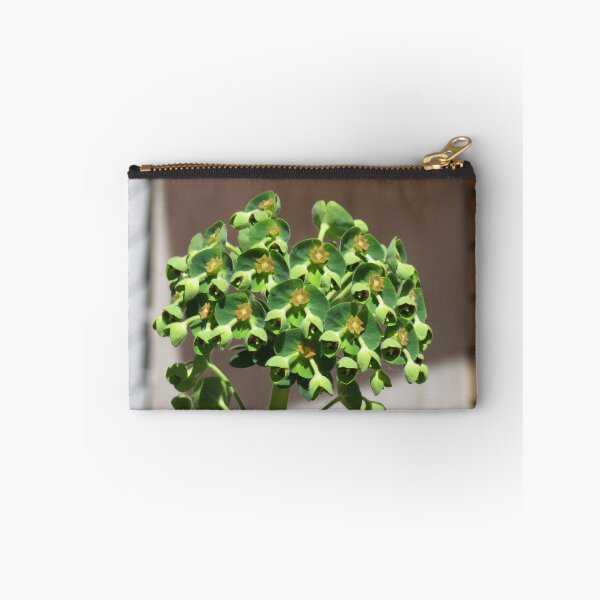 Item preview, Green euphorbia designed and sold by greentiger1.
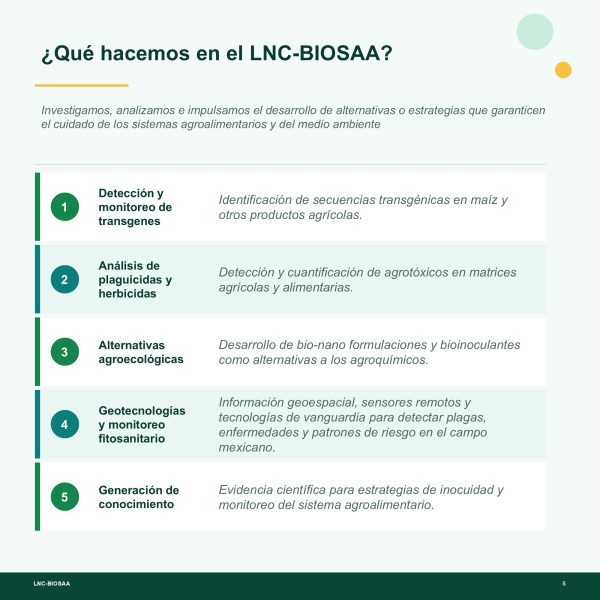 Diapositiva5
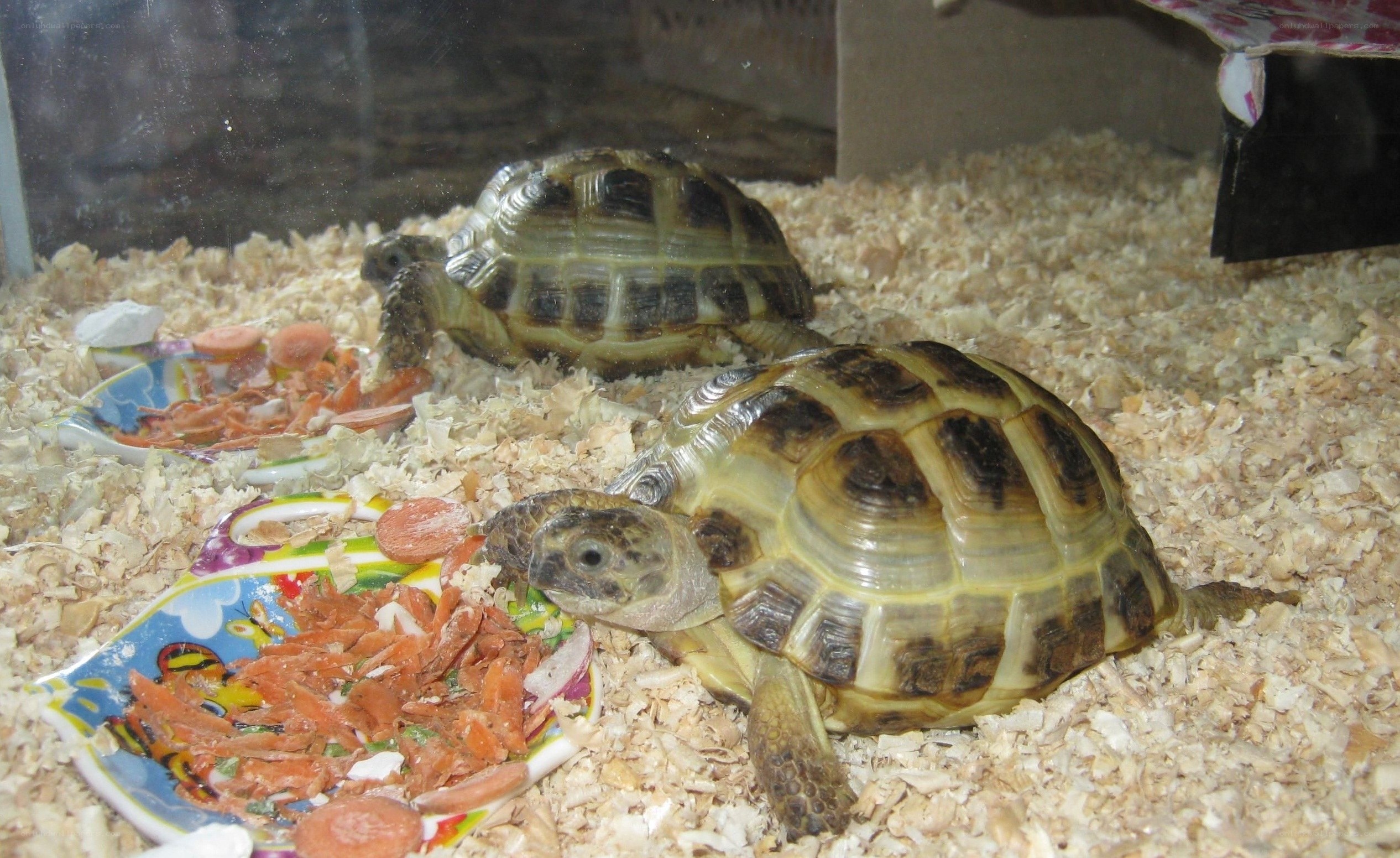 Two tortoises in a terrarium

__________

* [WORK TO BE COMPLETED]
Your answer should be every line above, written out exactly, with no pictures.

* [TASK OUTPUT]
 Item preview, Green euphorbia designed and sold by greentiger1.
 Diapositiva5
 Two tortoises in a terrarium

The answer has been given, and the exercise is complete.